A group of 83 passengers aboard an Asiana Airlines flight which crash-landed in San Francisco has filed a lawsuit seeking millions from the plane's manufacturer Boeing.
The jet from Shanghai via Seoul clipped a seawall with its tail as it came in to land at the American airport on 6 July this year and skidded out of control before catching fire, leaving three dead and more than 180 injured, AFP reports.
While a final determination of what caused the crash of the Boeing 777 is years away, Chicago-based Ribbeck Law said initial reports indicate that it could have been caused by a mechanical malfunction of the autothrottle.
Boeing could also have been at fault for the design of sliding ramps which deployed inside the plane, "further injuring passengers and blocking their exit to safety", Ribbeck said on Tuesday.
There were also possibly problems with the seatbelts given that police officers "had to pass knives to crew members inside the burning wreckage" so they could cut passengers free, it said.
The class action lawsuit was filed in Chicago, Boeing's corporate headquarters.

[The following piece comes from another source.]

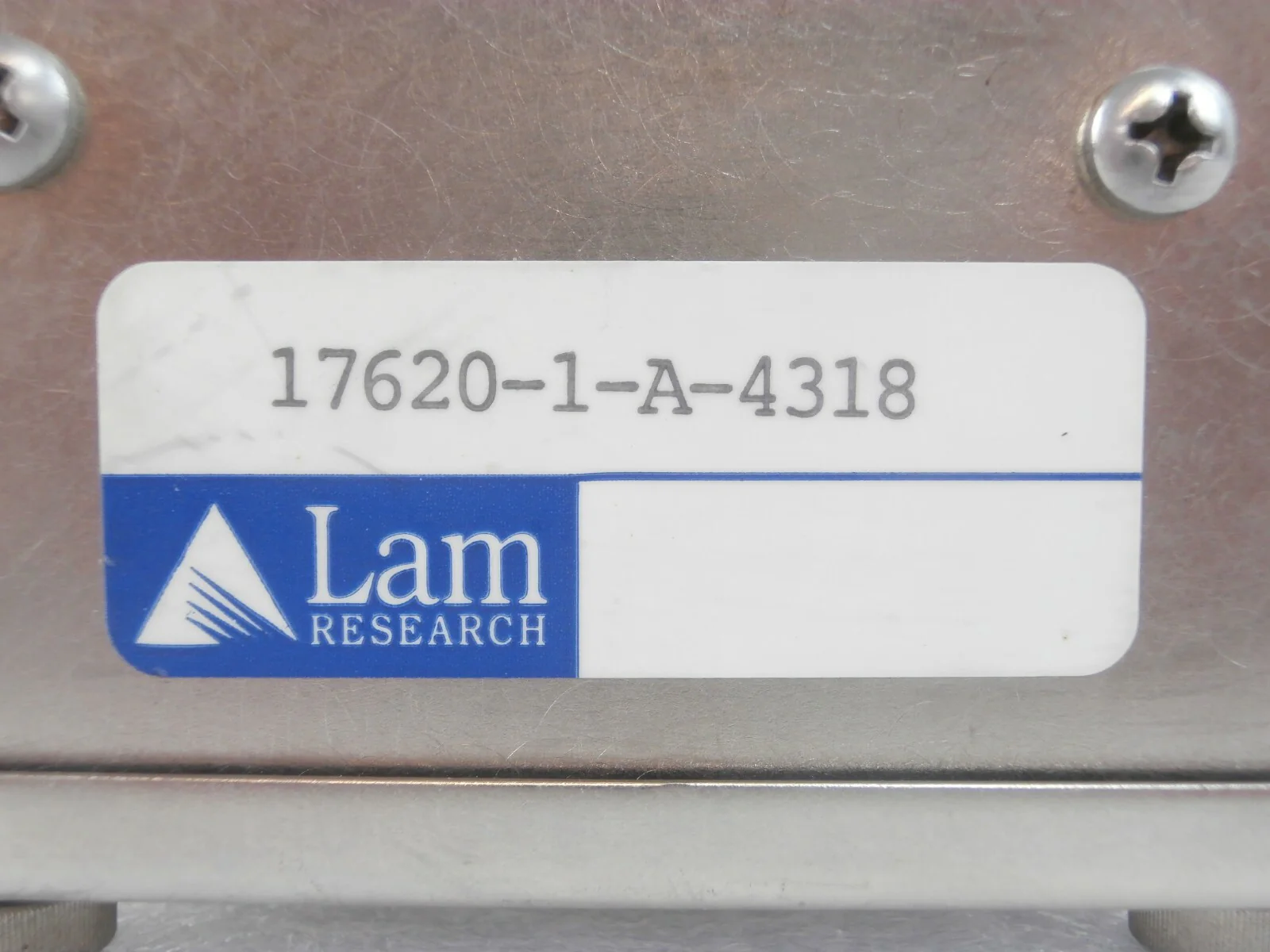 Lam Research 17620-1-A-4318 Tri-Convectron Interface Assembly 4420 Working Spare - Image 10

It will be expanded in coming days to include Asiana and several component part manufacturers "who may be responsible for this disaster", Ribbeck said.
Zhang Yuan, who suffered severe spinal injuries and a broken leg in the crash, said it was important that victims protect their rights "immediately".
"It is terrible that the sliding ramps deployed inside the plane blocking our way to the exit door, trapping us inside the burning plane," she said in a statement. "My husband, my daughter, other passengers and I would not have suffered such terrible injuries if the sliding ramps and the seat belts would not have trapped us in the burning wreckage."
Ribbeck filed a motion on Monday seeking to require Boeing to provide details about the jet's design and maintenance and will seek access to all of the evidence discovered in the course of the investigation.
Swift legal action is "vital" for the victims and their families, because international treaties prohibit US safety regulators from making determinations of liability or fault.